§ PROBLEM STATEMENT
Bring back every record exactly, except for the pictures, which stay out.

§ EXERCISE INPUT
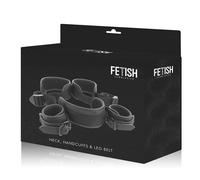 Attrezzature e corde Fetish submissive con polsiere, collare e cintura per le gambe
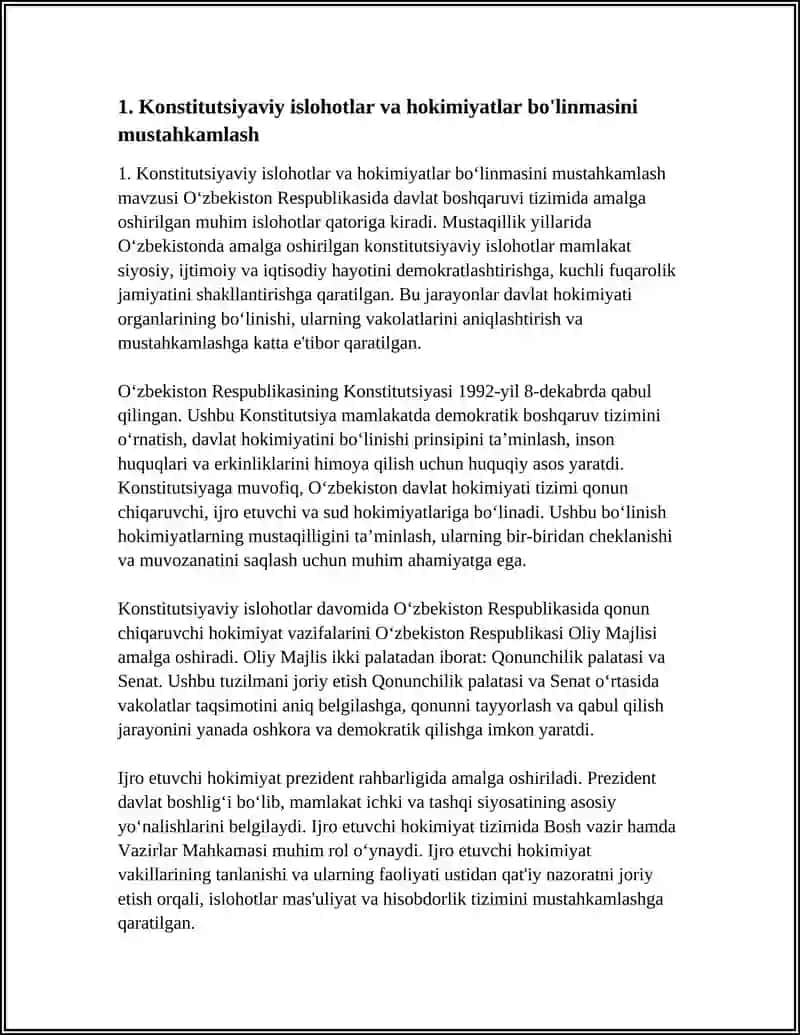 Konstitutsiyaviy islohotlar va hokimiyatlar bo'linmasini mustahkamlash 3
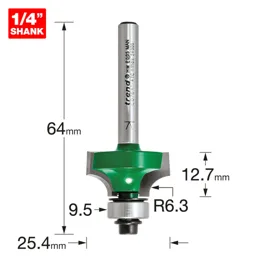 Trend CRAFTPRO Round Over and Ovolo Router Cutter - 25.4mm, 12.7mm, 1/4"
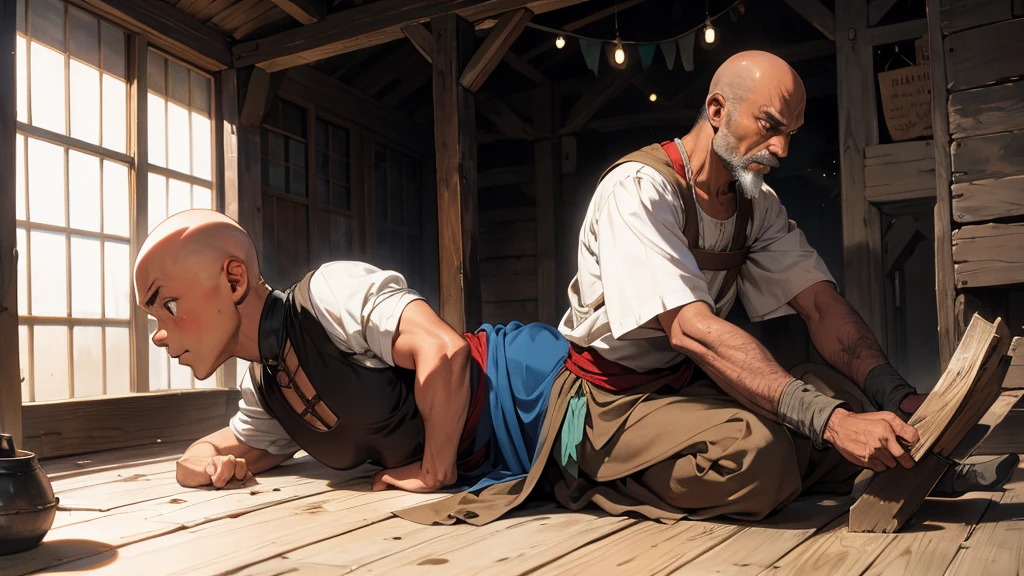 old bald slave and in medieval time slavery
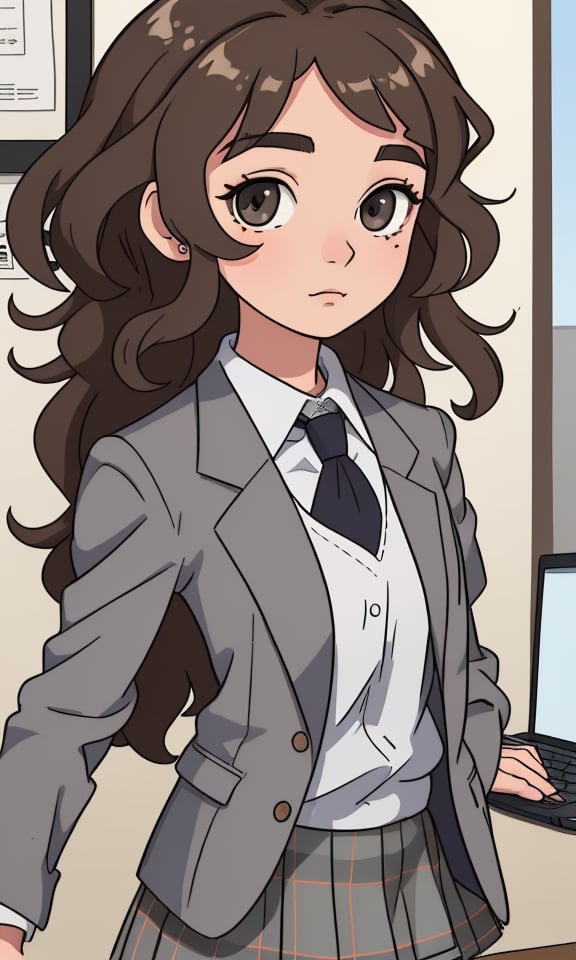 masterpiece,  best quality,  detailed face,  detailed eyes,  highres,  SFW, Preppy fashion, grey eyes, curly brown hair, plaid skirt and blazer, holding a laptop, petite, light brown skin, very tall, college campus in fall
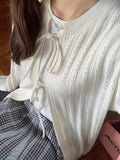 Fongt Spring And Autumn New Temperament Shows Thin Soft Silk Silk Wool Blending ~懒 Lazy Strap Hollow Knitted Open Shirt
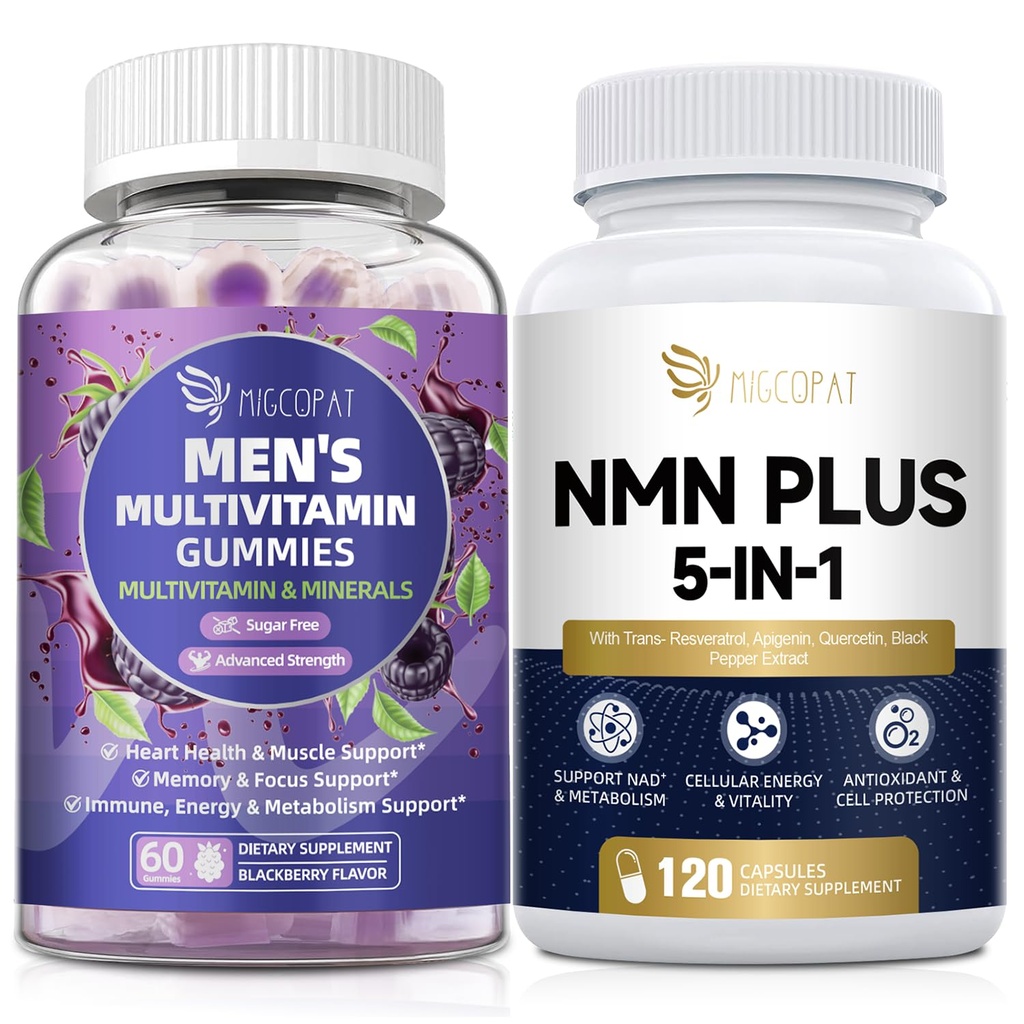 Migcopat Men’s Vitality Bundle – Multivitamin Gummies for Men + NMN 1000mg Cellular Energy Supplement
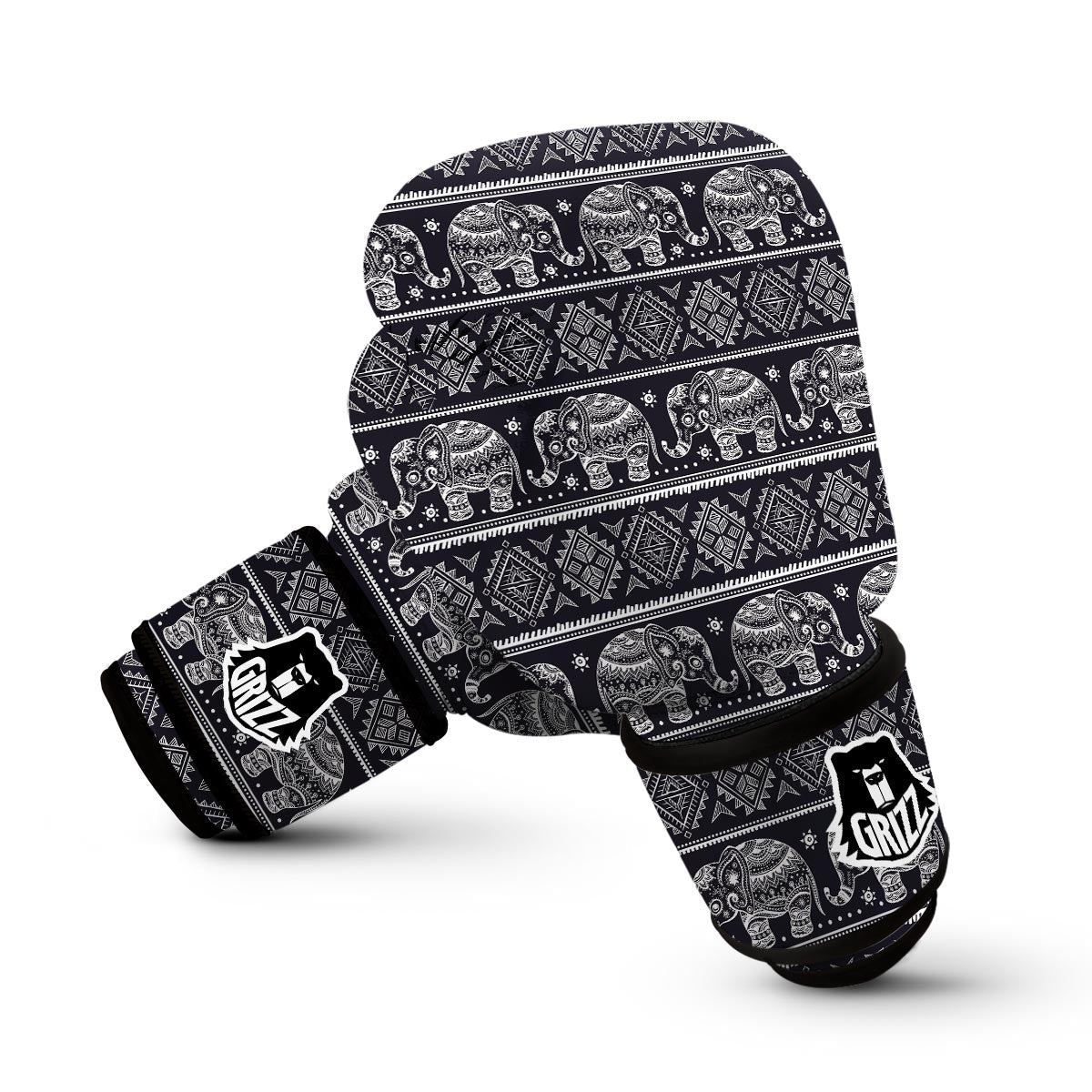Black Aztec Elephant Pattern Print Boxing Gloves-grizzshop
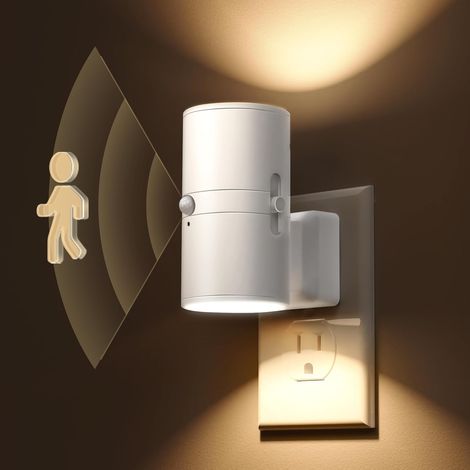 Steckdosen-nachtlicht, Led-nachtlicht Mit Bewegungssensor, Einstellbar 0-100lm, 3000k Warmweißes Baby-nachtlicht, Kinder-nachtlicht Für Flur, Treppe, Schlafzimmer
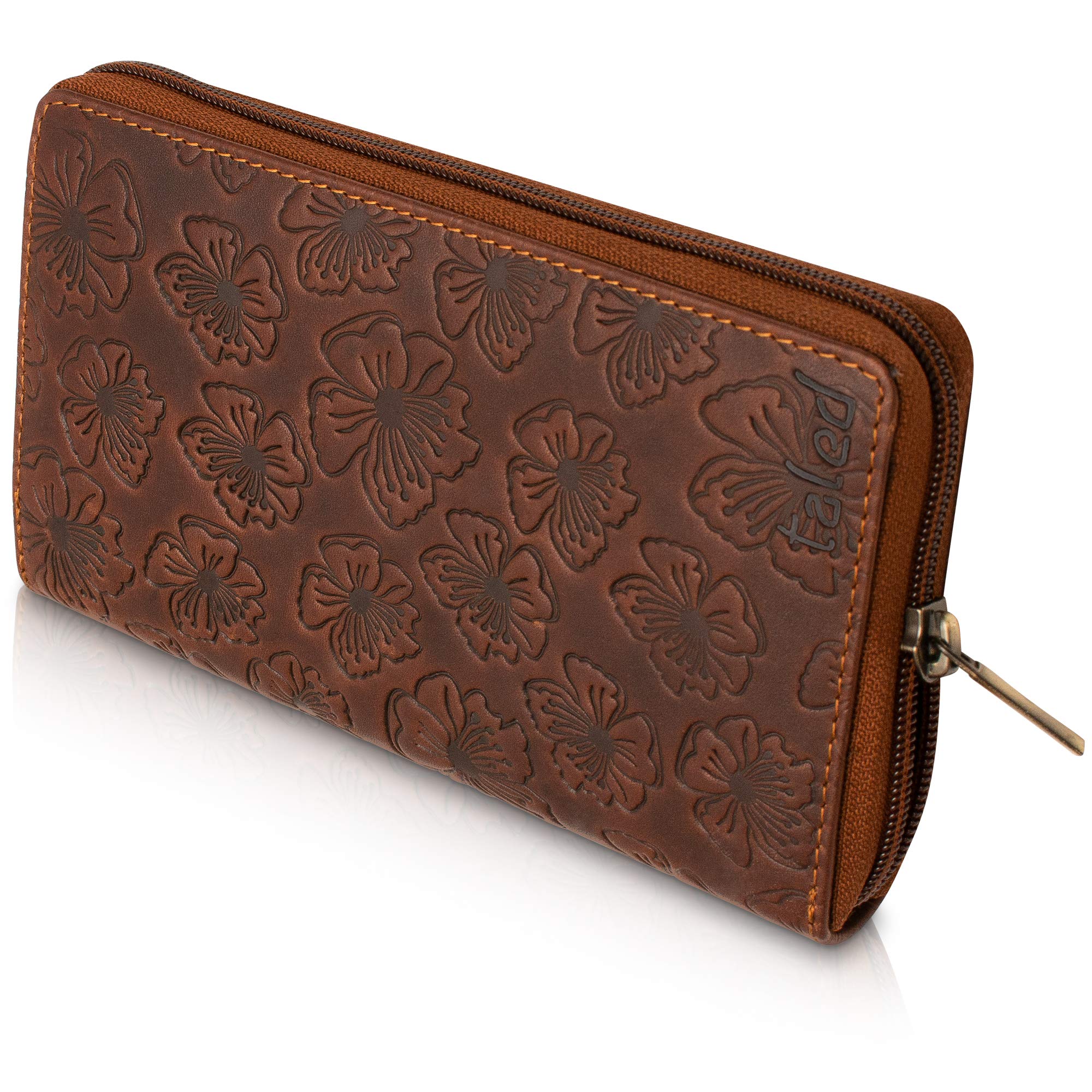 Billetera para Mujer | Grande XXL | Protección RFID | Monedero con Compartimento para Monedas | 12 Compartimentos para Tarjetas | Cartera de Mujer | Caja de Regalo | Marrón Oscuro Natural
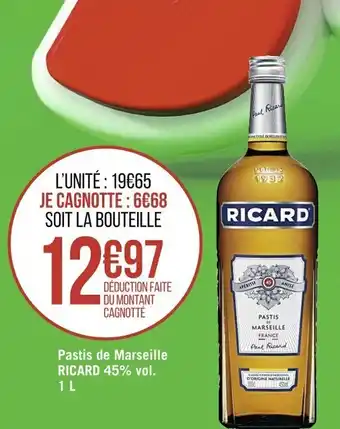 Casino Supermarchés Pastis de Marseille Ricard 45% Vol offre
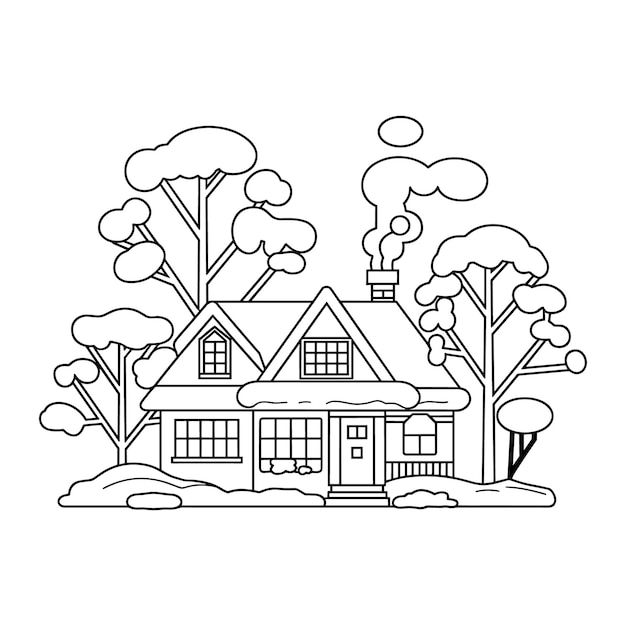 Casa de Invierno de dibujos animados con árboles nevados y diseño de ilustración de humo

§ TASK ANSWER
 Attrezzature e corde Fetish submissive con polsiere, collare e cintura per le gambe
 Konstitutsiyaviy islohotlar va hokimiyatlar bo'linmasini mustahkamlash 3
 Trend CRAFTPRO Round Over and Ovolo Router Cutter - 25.4mm, 12.7mm, 1/4"
 old bald slave and in medieval time slavery
 masterpiece,  best quality,  detailed face,  detailed eyes,  highres,  SFW, Preppy fashion, grey eyes, curly brown hair, plaid skirt and blazer, holding a laptop, petite, light brown skin, very tall, college campus in fall
 Fongt Spring And Autumn New Temperament Shows Thin Soft Silk Silk Wool Blending ~懒 Lazy Strap Hollow Knitted Open Shirt
 Migcopat Men’s Vitality Bundle – Multivitamin Gummies for Men + NMN 1000mg Cellular Energy Supplement
Black Aztec Elephant Pattern Print Boxing Gloves-grizzshop
 Steckdosen-nachtlicht, Led-nachtlicht Mit Bewegungssensor, Einstellbar 0-100lm, 3000k Warmweißes Baby-nachtlicht, Kinder-nachtlicht Für Flur, Treppe, Schlafzimmer
 Billetera para Mujer | Grande XXL | Protección RFID | Monedero con Compartimento para Monedas | 12 Compartimentos para Tarjetas | Cartera de Mujer | Caja de Regalo | Marrón Oscuro Natural
 Casino Supermarchés Pastis de Marseille Ricard 45% Vol offre
 Casa de Invierno de dibujos animados con árboles nevados y diseño de ilustración de humo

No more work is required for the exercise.